Yeesh, I can certainly see why that would be your clearest Cold War era memory, that would have been like a branding iron to the brain.

Quote:
Originally Posted by Jeffhs View Post
BTW, yes, I have seen the movie "Christine", and the tuning scale on the car's radio did in fact have the CD symbols at 640 and 1240, as did all car and home radios made between 1953 and 1963. I have a Zenith C-845 AM-FM table radio, made in 1960, that has these symbols (actually the letters "CD", not the icons themselves) at 640 and 1240 as well. These markings were placed by law on all AM radio dials so that people would not waste valuable time looking for the local Conelrad alert station when local stations went off the air per FCC regulations in effect at the time.
For sure, I'm just saying that Christine is likely to have introduced many people to the CONELRAD symbol, those people just wouldn't have recognized it at first. The symbol made it onto some early 1964 dials as well as deactivation came too late for design changes.

Quote:
Originally Posted by Jeffhs View Post
Another reminder of the Cold War era was a YouTube video of a Conelrad radio test gone awry, in Fort Wayne, Indiana. The station was WOWO-1190 and the DJ had just put on a record; suddenly, the sound faded to nothing and a station announcer was heard issuing a Conelrad alert. The alert turned out to have been erroneously broadcast over stations in the Fort Wayne area due to an unfortunate mixup.

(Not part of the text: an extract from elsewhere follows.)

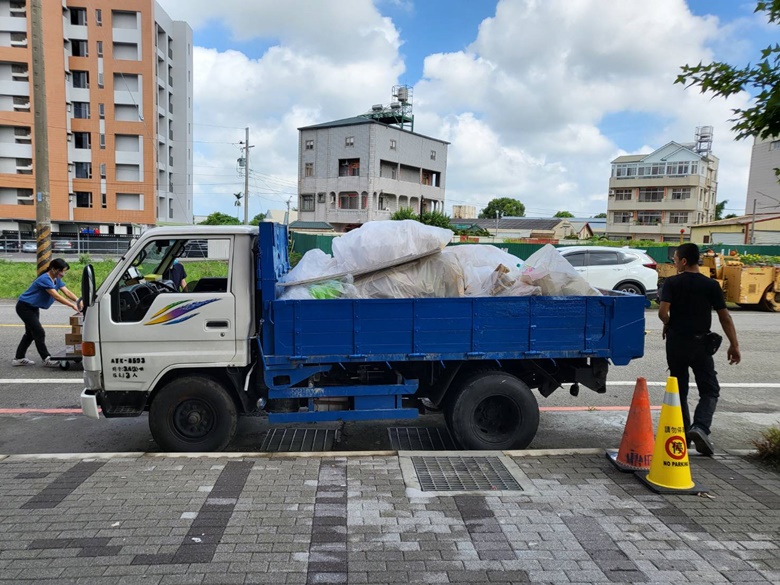 台中清潔公司/垃圾清運/交屋清潔/台中裝潢後細清/中部大樓清潔服務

Do a Google search to see the entire story of this incident, which I am sure anyone who was living in the area at the time will never forget.
No kidding, and they would have at least needed a clean pair of shorts.

I don't know if nukes were a threat up here but my 1955 Pye radio scale lacks the CONELRAD symbol. It's a British design but was made at a plant in Ontario so who knows.